The issue I am facing is that running the batch script results in a result.json file with format UTF-16 LE BOM. With UTF-16 LE BOM format, the .json file cannot even be opened and observed directly using a normal browser. It has exception of "SyntaxError: JSON.parse: unexpected character at line 1 column 1 of the JSON data".

I did some searching around and the answer that came back is that curl should not result in BOM encoding being saved. Nonetheless, I ended up with result.json which is with BOM encoding. If there is something that can be done to the batch script to make it output without BOM, help is appreciated.

For the second part of my issue, I can manually copy the content of result.json and save it in a new text document and specifically choose UTF-8 format.
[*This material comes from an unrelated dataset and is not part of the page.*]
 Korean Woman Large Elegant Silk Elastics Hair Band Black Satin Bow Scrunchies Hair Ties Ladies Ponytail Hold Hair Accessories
I searched around as well and found a bit of a solution like here: Batch script remove BOM () from file , but the solution script to remove the BOM seems rather complicated.

Thus, any help to remove the BOM encoding without resorting to manually copying the content and saving it in the specific desired format is appreciated as well.

Best regards, cyborg1234

1

There are 1 answers

2
mklement0 On

Note:

  • See the bottom section for a way to avoid the problem by calling curl.exe directly from your batch file.

In PowerShell, > is (in effect) an alias of the Out-File cmdlet, whose default in Windows PowerShell is UTF-16LE (in PowerShell (Core) 7+, it is now the more sensible (BOM-less) UTF-8, across all cmdlets).

You have two options (spoiler alert: choose the 2nd):

  • In principle, you can use Out-File explicitly (or preferably, with text input, Set-Content), in which case you can use its -Encoding parameter to control the output character encoding. However:

    • In Windows PowerShell -Encoding UTF8 invariably creates a UTF-8 file with a BOM. Short of using .NET APIs directly, the only way to create BOM-less UTF-8 files in Windows PowerShell is to use New-Item - see this answer.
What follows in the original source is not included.